Application Landing Zone Foundations for Azure Databricks

The exciting part of Databricks is obviously the business applications and the AI models running on top of it. But that's only half the story. A lot of Databricks projects start the same way: a workspace, a storage account, a handful of permissions set up by hand. That works fine for a pilot. It falls apart the moment a team needs to scale, split environments, or move into more serious use cases.

Here's what you'll get out of this post: a reference architecture for an application landing zone on Azure, built for Databricks from day one, plus the infrastructure-as-code structure and the deployment model that keeps it all consistent. None of this is especially complicated. We'll walk through how to provision environments on top of Azure platform services you probably already have in place.

Target architecture of the application landing zone

Architecture mockup for an application landing zone for Databricks on Azure

This is a simple application landing zone for Azure Databricks. It sits inside the broader context of an Azure Landing Zone^{1, 2, 3} where the shared cloud capabilities — identity, connectivity, hub networking, a private DNS — are already in place. The application landing zone consumes those. It doesn't recreate them.

Starting from the outside in: we're assuming an Azure subscription for the workload, a hub virtual network, and a private DNS zone already exist.

Spoke networks, one per environment

Moving inward, the first thing provisioned is the spoke virtual network (VNet) for each environment. Each spoke connects to the hub through network peering, so resources on either side can talk to each other directly and securely⁴. That's what lets Azure Databricks tap into shared platform services like DNS resolution or firewall inspection. And since every environment gets its own spoke VNet, you get physical separation on the network layer for free.

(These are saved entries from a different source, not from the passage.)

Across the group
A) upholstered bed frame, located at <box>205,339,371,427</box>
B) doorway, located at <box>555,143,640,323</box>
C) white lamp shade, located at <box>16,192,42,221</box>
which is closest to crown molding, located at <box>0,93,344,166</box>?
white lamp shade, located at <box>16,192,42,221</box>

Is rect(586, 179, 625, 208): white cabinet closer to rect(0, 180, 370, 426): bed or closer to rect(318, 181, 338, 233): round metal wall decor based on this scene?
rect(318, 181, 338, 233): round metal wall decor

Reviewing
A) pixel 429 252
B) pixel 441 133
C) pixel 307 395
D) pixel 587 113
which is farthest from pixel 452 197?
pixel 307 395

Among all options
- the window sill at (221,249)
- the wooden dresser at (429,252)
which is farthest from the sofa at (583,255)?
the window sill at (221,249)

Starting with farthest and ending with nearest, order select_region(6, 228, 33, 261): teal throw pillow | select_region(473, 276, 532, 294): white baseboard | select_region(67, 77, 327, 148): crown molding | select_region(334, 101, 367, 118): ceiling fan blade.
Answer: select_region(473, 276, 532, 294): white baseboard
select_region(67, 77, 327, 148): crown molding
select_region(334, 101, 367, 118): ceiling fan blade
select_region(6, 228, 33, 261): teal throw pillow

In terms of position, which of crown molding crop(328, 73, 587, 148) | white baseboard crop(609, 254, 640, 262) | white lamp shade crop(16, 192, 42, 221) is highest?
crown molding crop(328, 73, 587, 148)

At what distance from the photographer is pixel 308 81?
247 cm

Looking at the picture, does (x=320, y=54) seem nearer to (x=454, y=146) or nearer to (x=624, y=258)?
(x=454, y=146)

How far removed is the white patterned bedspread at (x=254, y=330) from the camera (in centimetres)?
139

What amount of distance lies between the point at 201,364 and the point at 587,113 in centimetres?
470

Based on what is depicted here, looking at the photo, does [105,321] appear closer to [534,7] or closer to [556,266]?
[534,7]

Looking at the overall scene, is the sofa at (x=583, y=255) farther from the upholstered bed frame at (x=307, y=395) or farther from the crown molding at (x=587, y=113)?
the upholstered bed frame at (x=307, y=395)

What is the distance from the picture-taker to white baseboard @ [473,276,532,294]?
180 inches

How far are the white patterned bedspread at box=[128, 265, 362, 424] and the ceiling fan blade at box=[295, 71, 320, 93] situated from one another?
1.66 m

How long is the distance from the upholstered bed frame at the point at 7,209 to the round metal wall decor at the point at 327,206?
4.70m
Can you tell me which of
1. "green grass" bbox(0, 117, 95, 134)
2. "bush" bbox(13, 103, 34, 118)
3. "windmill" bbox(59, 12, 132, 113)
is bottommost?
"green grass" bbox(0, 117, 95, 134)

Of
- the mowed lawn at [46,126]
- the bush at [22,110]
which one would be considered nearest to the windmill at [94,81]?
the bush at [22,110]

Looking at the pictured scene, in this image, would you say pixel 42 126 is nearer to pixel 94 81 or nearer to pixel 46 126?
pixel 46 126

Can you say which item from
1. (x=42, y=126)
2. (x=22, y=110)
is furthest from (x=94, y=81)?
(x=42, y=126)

In this pattern⁵, each environment owns its own spoke-network resources:

the environment VNet,
three subnets:
- the host (public) subnet, serving the host-side network interfaces of Databricks nodes,
- the container (private) subnet, used for the container-side network interfaces — and sizing this one matters. Too small, and the workspace runs out of IP addresses as classic compute clusters scale up. (Serverless compute will ease this pressure over time, since it runs on Databricks's own compute plane, but that's not a reason to skip the math today.)
- and the private endpoints subnet.

In an actual implementation, these subnets also get Databricks delegation, security groups, and route table associations. All of this lives inside an environment resource group. From here, let's look at what else sits in that same environment.

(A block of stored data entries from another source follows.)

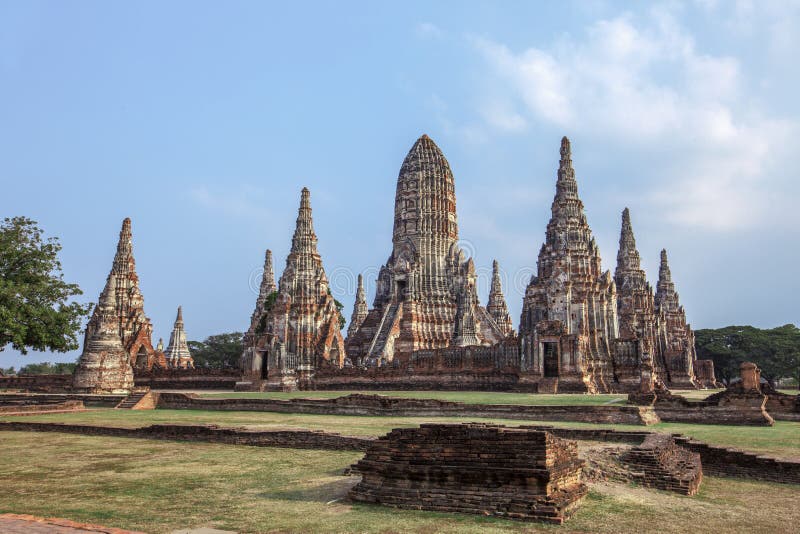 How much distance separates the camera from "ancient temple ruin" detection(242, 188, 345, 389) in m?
37.4

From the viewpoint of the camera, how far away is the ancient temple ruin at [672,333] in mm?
43656

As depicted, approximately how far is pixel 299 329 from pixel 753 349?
44966mm

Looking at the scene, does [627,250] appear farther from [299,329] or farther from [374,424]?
[374,424]

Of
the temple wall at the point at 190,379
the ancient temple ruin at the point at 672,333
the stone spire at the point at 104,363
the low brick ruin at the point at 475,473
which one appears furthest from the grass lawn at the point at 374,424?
the ancient temple ruin at the point at 672,333

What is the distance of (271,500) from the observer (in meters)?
8.00

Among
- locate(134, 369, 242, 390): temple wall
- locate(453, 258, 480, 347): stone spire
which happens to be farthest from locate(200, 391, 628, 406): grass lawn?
locate(453, 258, 480, 347): stone spire

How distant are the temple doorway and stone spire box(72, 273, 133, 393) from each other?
68.0 ft

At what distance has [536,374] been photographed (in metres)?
30.5

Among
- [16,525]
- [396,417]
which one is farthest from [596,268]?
[16,525]

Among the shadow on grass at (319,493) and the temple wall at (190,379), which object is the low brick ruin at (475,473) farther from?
the temple wall at (190,379)

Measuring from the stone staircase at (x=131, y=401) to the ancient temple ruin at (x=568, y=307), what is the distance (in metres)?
16.4

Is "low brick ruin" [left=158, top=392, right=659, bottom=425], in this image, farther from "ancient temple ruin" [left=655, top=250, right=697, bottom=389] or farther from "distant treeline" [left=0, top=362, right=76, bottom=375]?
"distant treeline" [left=0, top=362, right=76, bottom=375]

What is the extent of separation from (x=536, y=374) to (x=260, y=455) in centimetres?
2048

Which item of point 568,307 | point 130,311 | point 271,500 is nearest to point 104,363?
point 130,311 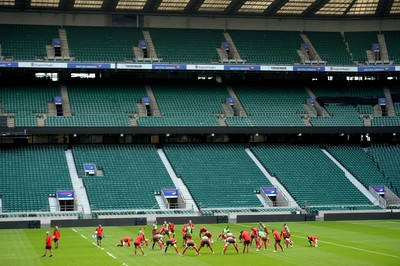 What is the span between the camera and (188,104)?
7556 centimetres

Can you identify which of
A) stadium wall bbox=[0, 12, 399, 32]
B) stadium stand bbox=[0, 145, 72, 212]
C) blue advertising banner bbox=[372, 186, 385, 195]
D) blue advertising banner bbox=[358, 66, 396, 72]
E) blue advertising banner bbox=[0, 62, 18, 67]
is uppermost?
stadium wall bbox=[0, 12, 399, 32]

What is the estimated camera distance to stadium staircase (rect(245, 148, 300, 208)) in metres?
64.7

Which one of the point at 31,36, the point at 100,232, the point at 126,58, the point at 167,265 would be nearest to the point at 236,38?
the point at 126,58

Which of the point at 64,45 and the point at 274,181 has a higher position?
the point at 64,45

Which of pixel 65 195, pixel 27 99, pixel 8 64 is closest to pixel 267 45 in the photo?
pixel 27 99

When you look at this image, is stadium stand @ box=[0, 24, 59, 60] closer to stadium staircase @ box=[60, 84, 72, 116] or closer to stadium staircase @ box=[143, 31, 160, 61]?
stadium staircase @ box=[60, 84, 72, 116]

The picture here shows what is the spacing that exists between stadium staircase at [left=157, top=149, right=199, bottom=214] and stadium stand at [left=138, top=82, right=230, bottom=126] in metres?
3.45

What's actually inside each environment?

For a simpler setup, development, user acceptance testing (UAT), and production can live in the same Azure subscription. On bigger projects, that's usually not the case. Either way, each environment's resource group holds the following, on top of the subnets already mentioned:

an Azure Databricks workspace, deployed as Premium, with VNet injection, no public IPs6, and private endpoints for frontend and authentication traffic⁷,
browser-based authentication, handled by a separate, shared, regional auth-only Databricks workspace that hosts a single browser_authentication private endpoint⁸,
an Azure Storage Account with ADLS Gen2 and hierarchical namespace enabled, HTTPS-only, shared key disabled, public network access disabled,
an Azure Key Vault: even with managed identities and OIDC as the preferred path, some secrets still need to live somewhere (Confluent Kafka integration API keys, for instance),
a Databricks Access Connector, so Databricks can reach Azure resources like ADLS Gen2 without relying on long-lived secrets, set up as Storage Blob Data Contributor,
and private endpoints connecting the environment VNet to the Databricks workspace, ADLS Gen2, and Key Vault, over Azure Private Link.

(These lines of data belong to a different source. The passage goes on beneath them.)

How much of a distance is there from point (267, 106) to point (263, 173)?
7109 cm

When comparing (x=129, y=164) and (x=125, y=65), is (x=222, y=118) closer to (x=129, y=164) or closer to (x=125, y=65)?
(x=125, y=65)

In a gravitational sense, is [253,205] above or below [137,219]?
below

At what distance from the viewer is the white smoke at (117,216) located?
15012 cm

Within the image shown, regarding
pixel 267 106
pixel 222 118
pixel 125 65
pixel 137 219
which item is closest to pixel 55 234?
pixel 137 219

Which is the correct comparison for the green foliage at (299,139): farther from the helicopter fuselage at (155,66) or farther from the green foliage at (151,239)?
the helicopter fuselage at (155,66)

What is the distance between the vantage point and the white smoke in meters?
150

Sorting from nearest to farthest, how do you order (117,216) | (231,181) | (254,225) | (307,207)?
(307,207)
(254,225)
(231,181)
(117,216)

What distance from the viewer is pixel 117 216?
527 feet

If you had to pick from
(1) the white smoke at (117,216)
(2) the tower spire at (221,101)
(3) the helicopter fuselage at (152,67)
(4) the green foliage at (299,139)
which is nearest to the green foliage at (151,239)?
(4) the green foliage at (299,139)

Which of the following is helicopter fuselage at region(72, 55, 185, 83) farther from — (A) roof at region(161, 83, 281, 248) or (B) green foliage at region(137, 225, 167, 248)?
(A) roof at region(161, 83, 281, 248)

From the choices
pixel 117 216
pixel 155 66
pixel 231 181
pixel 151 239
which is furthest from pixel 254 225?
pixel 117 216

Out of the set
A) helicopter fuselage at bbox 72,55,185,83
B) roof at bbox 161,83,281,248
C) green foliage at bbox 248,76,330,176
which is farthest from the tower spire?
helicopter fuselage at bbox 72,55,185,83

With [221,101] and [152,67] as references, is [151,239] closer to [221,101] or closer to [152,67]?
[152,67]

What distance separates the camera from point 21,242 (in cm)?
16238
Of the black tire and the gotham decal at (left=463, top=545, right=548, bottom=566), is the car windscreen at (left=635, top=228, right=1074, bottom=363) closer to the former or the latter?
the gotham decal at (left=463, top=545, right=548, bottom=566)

One more piece sits outside the resource group: the private DNS zone, used for name resolution. It makes sure service URLs resolve to the private endpoint IPs, so clients like the Databricks workspace keep using normal service names while traffic stays on the private network.

Last, we provision Azure Service Principals for:

CI/CD workloads, where GitHub Actions authenticates through OIDC, with the service principal set up for token federation instead of storing long-lived secrets,
deployment workloads in Databricks, like Declarative Automation Bundles⁹, which shouldn't run under a personal user identity.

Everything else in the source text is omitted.